● Source material
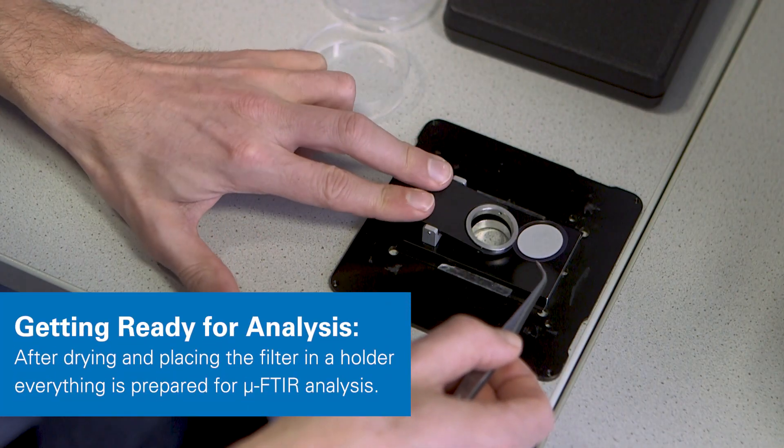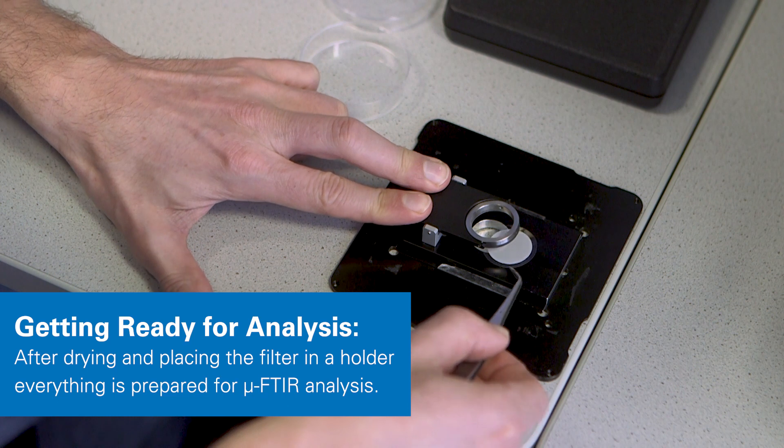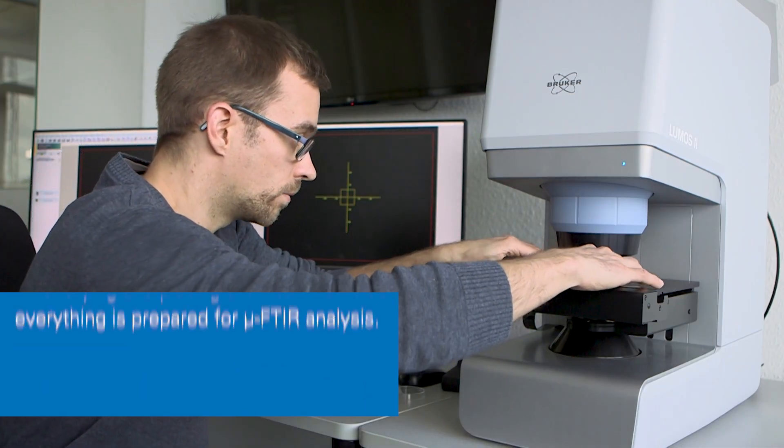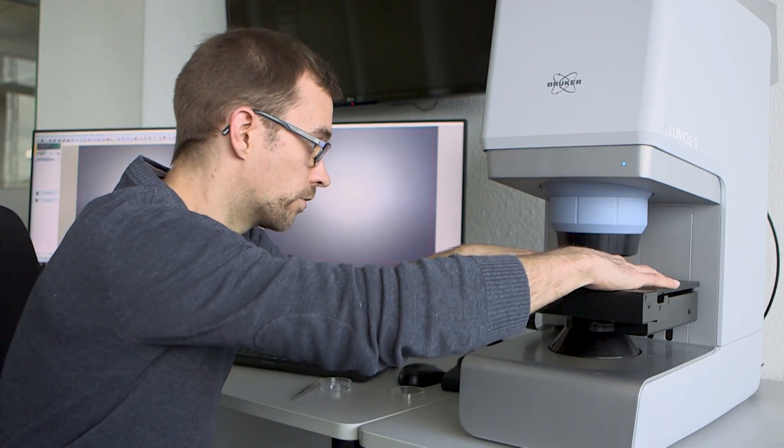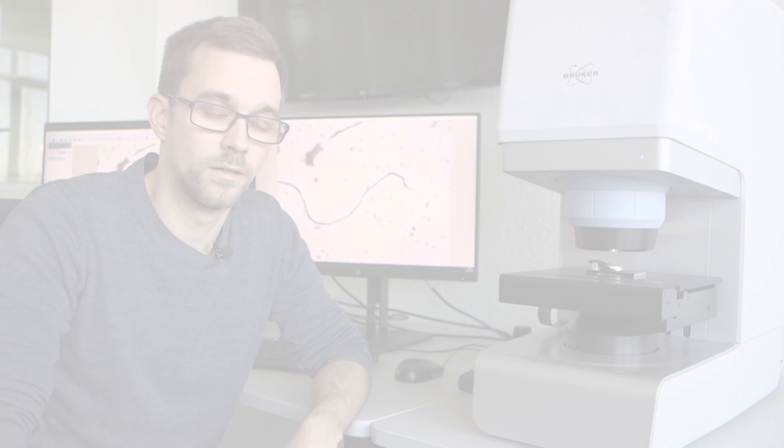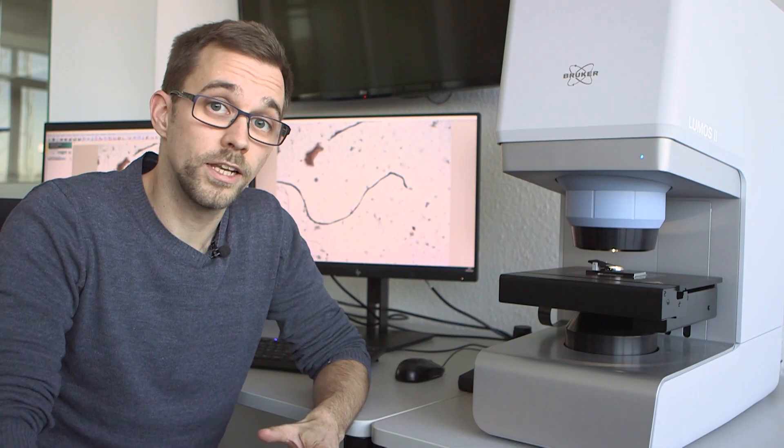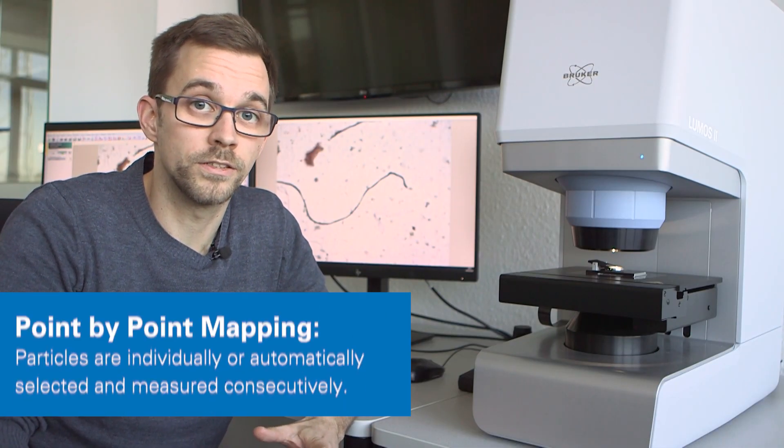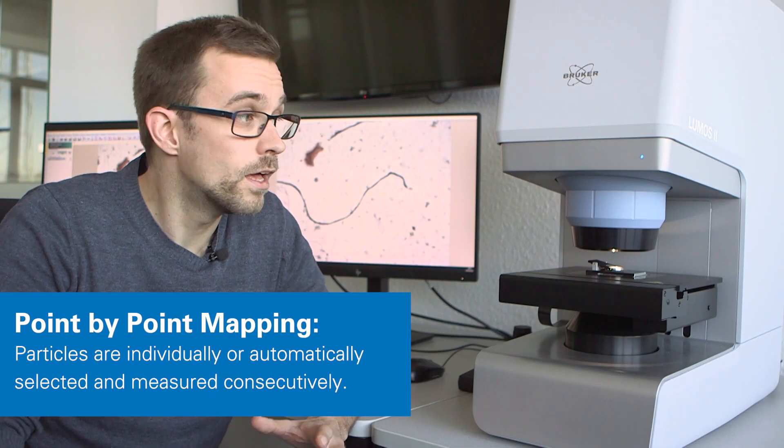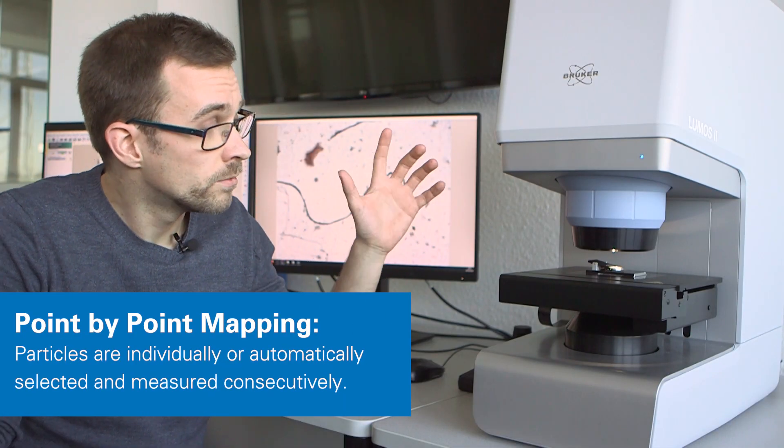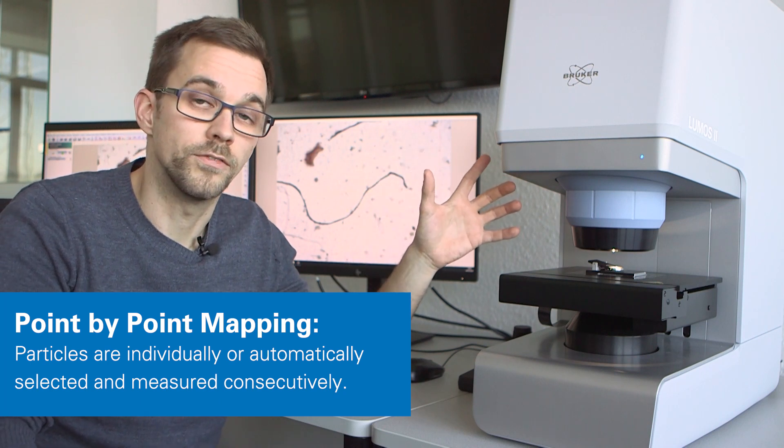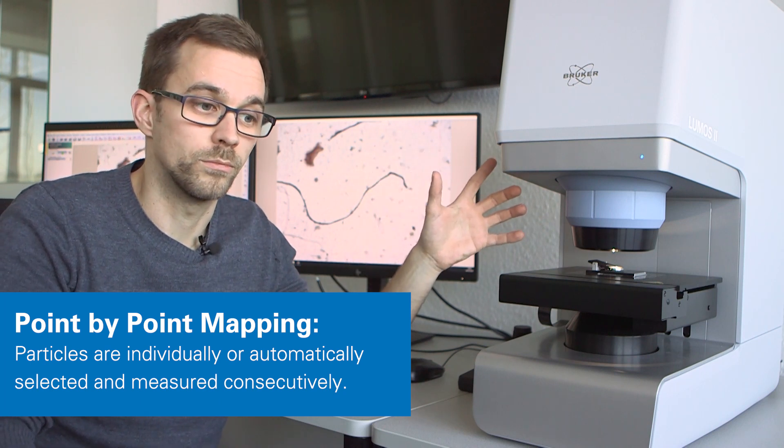For the analysis, the filter was placed in a filter holder and onto the microscopy stage. We are now ready for the single point mapping analysis of our sample that has already been put on the stage of the Lumos II FTIR microscope.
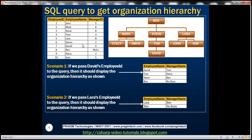Based on this table data, this is what we want to achieve. If we pass David's employee ID, then the query should return employee name and manager name. David reports to Tom, Tom reports to Steve, Steve reports to Ben, and Ben is our super boss.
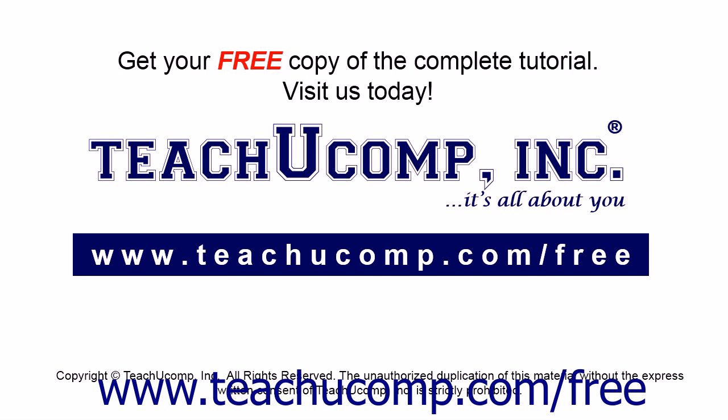Get your free copy of the complete tutorial at www.teachucomp.com forward slash free.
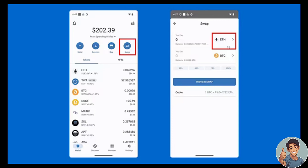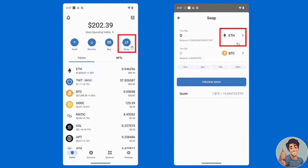All you're going to do is, when you are in the Trust Wallet app, select the Swap option. You can either access the swap feature from the main wallet page or from an asset's details page. Once you have selected Swap, choose the asset you want to swap from to convert.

● Work to complete
Make an exact copy of the listing. Do not carry over its pictures.

● Response to this task
For the analysis, the filter was placed in a filter holder and onto the microscopy stage. We are now ready for the single point mapping analysis of our sample that has already been put on the stage of the Lumos II FTIR microscope.
Based on this table data, this is what we want to achieve. If we pass David's employee ID, then the query should return employee name and manager name. David reports to Tom, Tom reports to Steve, Steve reports to Ben, and Ben is our super boss.
Get your free copy of the complete tutorial at www.teachucomp.com forward slash free.
All you're going to do is, when you are in the Trust Wallet app, select the Swap option. You can either access the swap feature from the main wallet page or from an asset's details page. Once you have selected Swap, choose the asset you want to swap from to convert.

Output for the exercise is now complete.